Rembrandt and the Face of Jesus brings together for the first time many of Dutch master Rembrandt van Rijn's finest paintings, prints and drawings that portray Jesus and events described in the Bible. The exhibition of 64 works includes approximately 52 small, intimate paintings, prints and drawings by Rembrandt and his students that illustrate how Rembrandt broke from traditional 17th-century representations of Jesus.
This exhibition has been organized by the Detroit Institute of Arts, the Musée du Louvre, and the Philadelphia Museum of Art.

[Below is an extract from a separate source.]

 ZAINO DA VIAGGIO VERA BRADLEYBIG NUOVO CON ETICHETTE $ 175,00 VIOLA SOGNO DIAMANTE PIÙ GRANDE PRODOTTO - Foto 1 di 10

Western portrayals of Jesus in the 17th century were based on ancient Greek sculpture and Renaissance imagery, and represented him as either heroic in action or as the embodiment of profound suffering. Rembrandt's own initial renderings of Jesus conformed to this tradition. In the 1640s, Rembrandt developed a radically different concept. He was the first Western artist to present Jesus as Jewish, likely based on models from Amsterdam's vibrant Jewish neighborhood where he lived and worked. Additionally, he depicted Jesus as vulnerable and humble, one whose existence compelled reverence in the minds and imaginations of those around him.
Two masterpieces in the exhibition illustrate the significant shift in Rembrandt’s approach: Supper at Emmaus, a hauntingly beautiful painting of the biblical account of Jesus’ appearance to his followers after his resurrection; and Christ Healing the Sick, also known as The Hundred Guilder Print, which shows Jesus preaching before a crowd. The Hundred Guilder Print showcases Rembrandt’s unparalleled mastery of printmaking, as every printmaking style and technique in his repertoire was used to create its stunning effect.
The Rembrandt and the Face of Jesus Exhibition deserves to be called a "once-in-a-lifetime" art event, bringing together for the first time in a museum show 7 of 8 known oil studies of Christ, which Rembrandt painted in the mid 17th century. The question of what Jesus looked like has preoccupied sacred artists down through the ages. You can see a sampling of portraits of Christ in the first rooms of the show, conforming to traditional medieval and Renaissance notions of the perfect human. In Jesus and the Woman Taken in Adultery, on loan from London's National Gallery, Rembrandt also followed prevailing tastes early in his career, portraying a majestic Jesus with golden tresses.
Then, in the 1650s, the Dutch artist took the revolutionary step of painting Jesus "from life," giving him the features of a young Dutch Jew. This poignantly human, Jewish Jesus appears in the core images of the exhibition: the seven small panel paintings of the head of Christ and the splendid Supper at Emmaus, on rare loan from the Louvre Museum in Paris. Contemplating these paintings and the hauntingly beautiful, Christ with Arms Folded, the half-figure image of Christ in the "new style" from the Hyde Collection, which ends the Philadelphia show, you can't help but wonder how both sacred art and Jewish-Christian relations might have been transformed had Rembrandt's profound innovation in Jesus imagery not been largely ignored by later generations of European artists and theologians. Lovers of Rembrandt and of religious art will also be delighted to see the exhibition's fine selection of prints and drawings of Christ, including his famous Hundred Guilder Print.